NRC Freezes Licensing Decisions To Consider Waste Options


Posted on August 9th, 2012 by Shelley Welton

by Casey Graetz, Intern

On August 7 the Nuclear Regulatory Commission (NRC) issued an official memorandum and order to suspend final licensing decisions on new licenses and on license renewals for nuclear power plants. This action by the NRC does not affect the agency’s review of license applications, and only holds up final decisions. The memorandum comes after the June 8th ruling of the U.S. Court of Appeals for the District of Columbia that the NRC had violated the National Environmental Policy Act in issuing its 2010 update to its Waste Confidence Decision and accompanying Temporary Storage Rule. The court not only found that the NRC’s rules could not guarantee a final waste repository would be ready “when necessary,” but that the NRC had also not properly examined the consequences of storing used nuclear fuel on-site for up to 60 years after a plant’s license had expired.

The court decision resulted in many anti-nuclear groups filing essentially identical petitions that called for the NRC to stop issuing individual plant licenses pending the completion of its action on the remanded Waste Confidence proceeding. These petitions also requested an opportunity for public comment for any generic determinations the NRC might make in either an environmental assessment or impact statement and at least a 60-day period for “any site-specific concerns relating to the remanded proceedings.”
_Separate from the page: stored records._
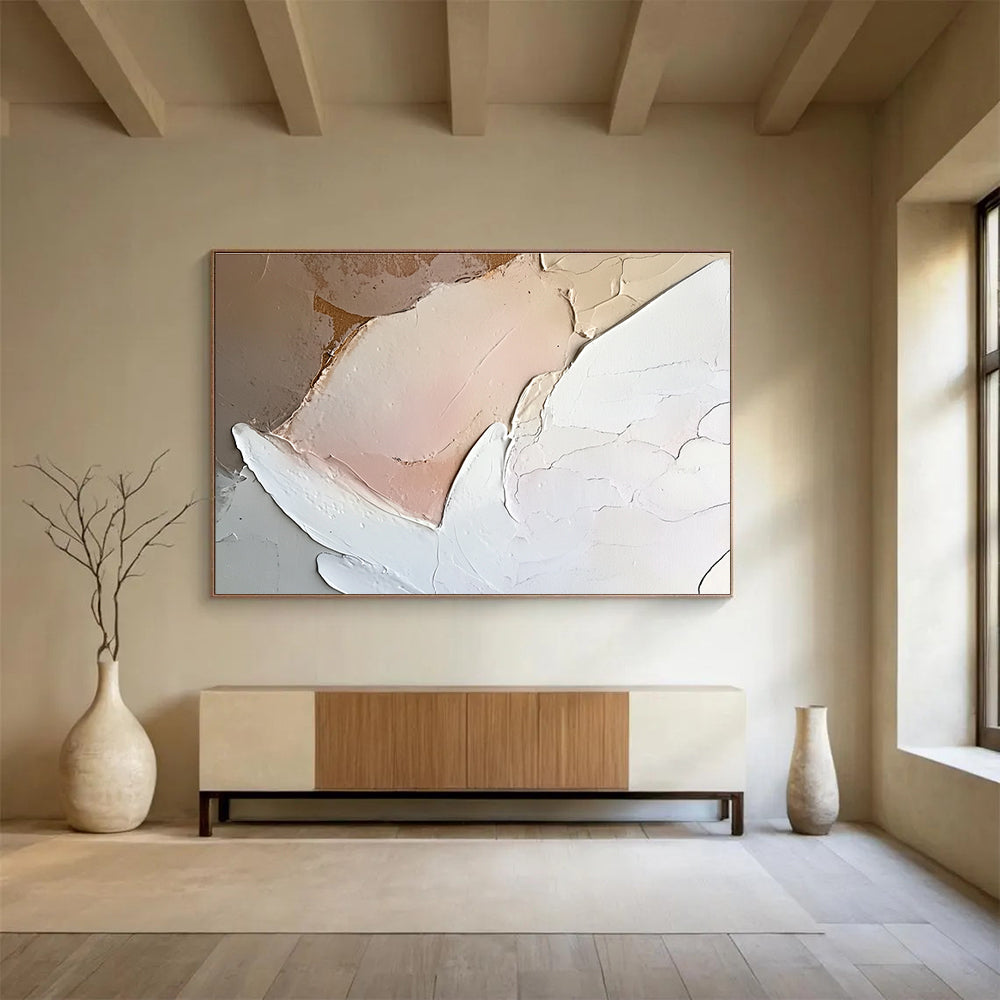 Large abstract painting of an angel featuring neutral colors and soft pink and white tones with heavy brush strokes on canvas.SC152
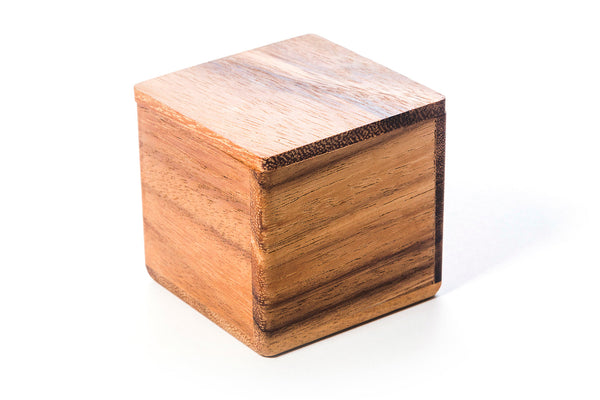 Wooden box with pyramid puzzle pieces showing how they fit inside with lid closed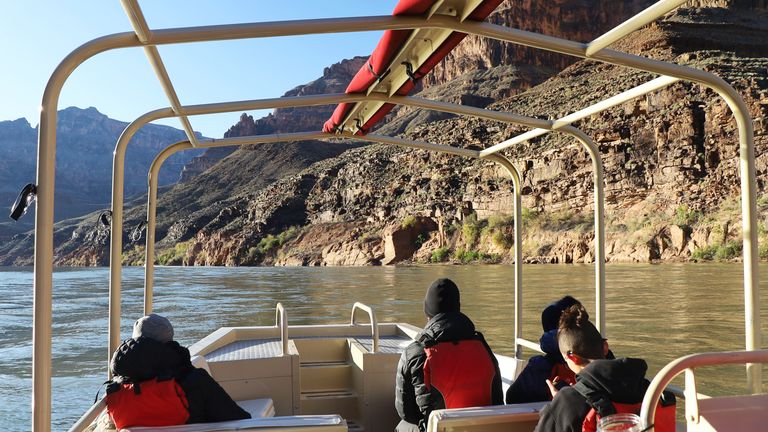 Tourists on a pontoon boat on the Colorado River with the Grand Canyon walls on either side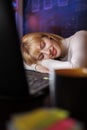 Tired woman sleeping at her desk while working overtime Royalty Free Stock Photo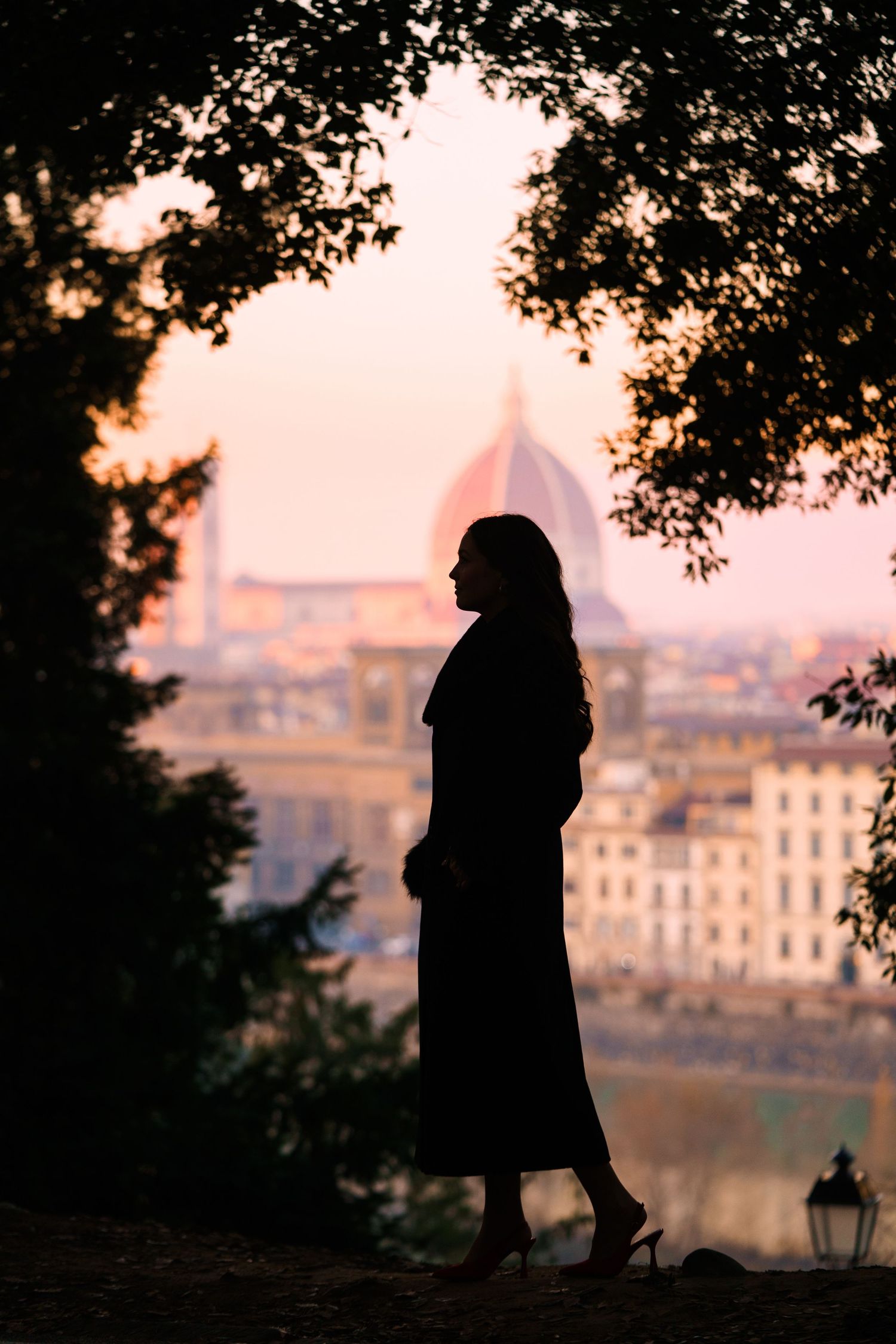 A series of silhouettes against a sunset cityscape in Florence, Italy shows romantic figures walking along a path.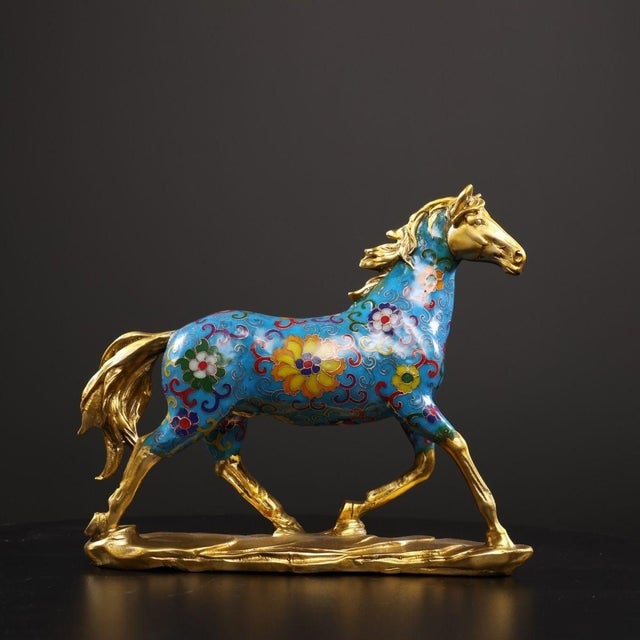 This elegant sculpture depicts a horse in a dynamic, prancing pose, a traditional symbol of success, perseverance, and...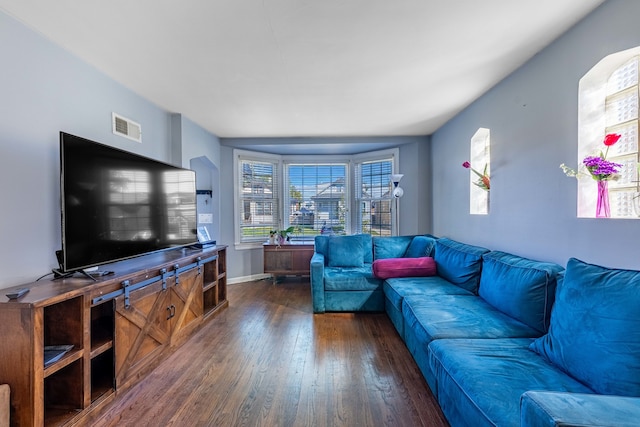 living room featuring dark hardwood / wood-style flooring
In addressing the demands of these petitions, the August 7 memorandum states that the NRC will not issue any license dependent upon the Waste Confidence Decision or the Temporary Storage Rule. It also made clear that the public will be given an opportunity to comment on any generic waste confidence document that the NRC issues and that litigants will be able to challenge site-specific actions.

The anti-nuclear groups who filed the petitions hailed the action, issuing a statement saying the memorandum will freeze eight plant license renewals, nine applications to build new reactors, an operating license and an early site permit. NRC spokesman said of these licenses that much talked about Entergy Corp. Indian Point power plant in New York is “next in line” for renewal of its license after the NRC addresses the court’s remand.

The NRC has yet to determine whether its action to resolve the waste confidence issue will be generic, site-specific or a combination of the two. According to a spokesman, although there is no timetable for the NRC to take action, the NRC staff is expected to provide options to the commission in the coming weeks.